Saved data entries
------------------------------------

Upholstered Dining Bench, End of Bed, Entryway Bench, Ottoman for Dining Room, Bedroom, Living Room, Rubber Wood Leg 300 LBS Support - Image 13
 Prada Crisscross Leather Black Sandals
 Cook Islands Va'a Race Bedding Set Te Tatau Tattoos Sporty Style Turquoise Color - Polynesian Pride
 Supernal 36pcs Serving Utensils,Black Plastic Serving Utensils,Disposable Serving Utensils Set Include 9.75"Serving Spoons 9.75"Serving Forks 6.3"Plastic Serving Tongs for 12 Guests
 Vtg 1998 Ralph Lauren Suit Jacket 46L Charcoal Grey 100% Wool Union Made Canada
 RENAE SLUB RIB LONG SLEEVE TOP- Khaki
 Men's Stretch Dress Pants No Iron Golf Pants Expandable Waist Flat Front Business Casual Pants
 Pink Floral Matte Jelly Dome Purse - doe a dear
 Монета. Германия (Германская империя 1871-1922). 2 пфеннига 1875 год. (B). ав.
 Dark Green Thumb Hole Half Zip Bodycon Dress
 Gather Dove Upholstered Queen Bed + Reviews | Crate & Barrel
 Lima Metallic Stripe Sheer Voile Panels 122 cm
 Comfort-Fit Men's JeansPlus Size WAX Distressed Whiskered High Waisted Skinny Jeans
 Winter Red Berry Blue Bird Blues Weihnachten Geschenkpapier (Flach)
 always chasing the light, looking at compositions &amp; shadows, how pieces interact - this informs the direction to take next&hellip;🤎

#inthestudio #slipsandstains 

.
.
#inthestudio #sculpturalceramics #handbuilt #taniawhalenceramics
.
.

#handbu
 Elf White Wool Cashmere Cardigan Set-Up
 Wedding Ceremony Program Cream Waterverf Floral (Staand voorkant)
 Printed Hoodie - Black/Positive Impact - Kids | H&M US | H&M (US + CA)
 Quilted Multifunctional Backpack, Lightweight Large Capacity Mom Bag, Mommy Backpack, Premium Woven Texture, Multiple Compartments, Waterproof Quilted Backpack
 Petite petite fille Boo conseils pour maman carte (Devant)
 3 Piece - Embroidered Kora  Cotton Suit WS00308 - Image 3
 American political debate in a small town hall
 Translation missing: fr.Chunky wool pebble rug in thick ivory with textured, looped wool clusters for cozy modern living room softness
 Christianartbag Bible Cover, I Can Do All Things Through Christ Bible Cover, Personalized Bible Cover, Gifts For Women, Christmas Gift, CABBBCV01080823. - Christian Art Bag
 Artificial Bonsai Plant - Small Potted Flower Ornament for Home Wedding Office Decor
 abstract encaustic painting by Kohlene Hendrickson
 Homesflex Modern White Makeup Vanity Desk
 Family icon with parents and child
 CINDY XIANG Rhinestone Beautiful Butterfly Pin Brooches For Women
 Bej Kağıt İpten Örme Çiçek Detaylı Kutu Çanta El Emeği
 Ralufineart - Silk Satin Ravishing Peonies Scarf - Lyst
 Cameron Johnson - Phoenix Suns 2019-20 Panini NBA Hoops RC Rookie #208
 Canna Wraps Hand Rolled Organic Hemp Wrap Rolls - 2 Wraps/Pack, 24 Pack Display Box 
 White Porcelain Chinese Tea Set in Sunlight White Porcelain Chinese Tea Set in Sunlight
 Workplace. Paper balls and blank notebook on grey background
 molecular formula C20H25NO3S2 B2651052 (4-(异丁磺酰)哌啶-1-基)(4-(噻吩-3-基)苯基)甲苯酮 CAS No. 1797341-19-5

------------------------------------

## Task statement:
Only the lines above starting at the one containing "Prada Crisscross Leather Black Sandals" and ending at the one containing "Pink Floral Matte", both included, are to be returned, exactly as they read.

## Exercise solution:
 Prada Crisscross Leather Black Sandals
 Cook Islands Va'a Race Bedding Set Te Tatau Tattoos Sporty Style Turquoise Color - Polynesian Pride
 Supernal 36pcs Serving Utensils,Black Plastic Serving Utensils,Disposable Serving Utensils Set Include 9.75"Serving Spoons 9.75"Serving Forks 6.3"Plastic Serving Tongs for 12 Guests
 Vtg 1998 Ralph Lauren Suit Jacket 46L Charcoal Grey 100% Wool Union Made Canada
 RENAE SLUB RIB LONG SLEEVE TOP- Khaki
 Men's Stretch Dress Pants No Iron Golf Pants Expandable Waist Flat Front Business Casual Pants
 Pink Floral Matte Jelly Dome Purse - doe a dear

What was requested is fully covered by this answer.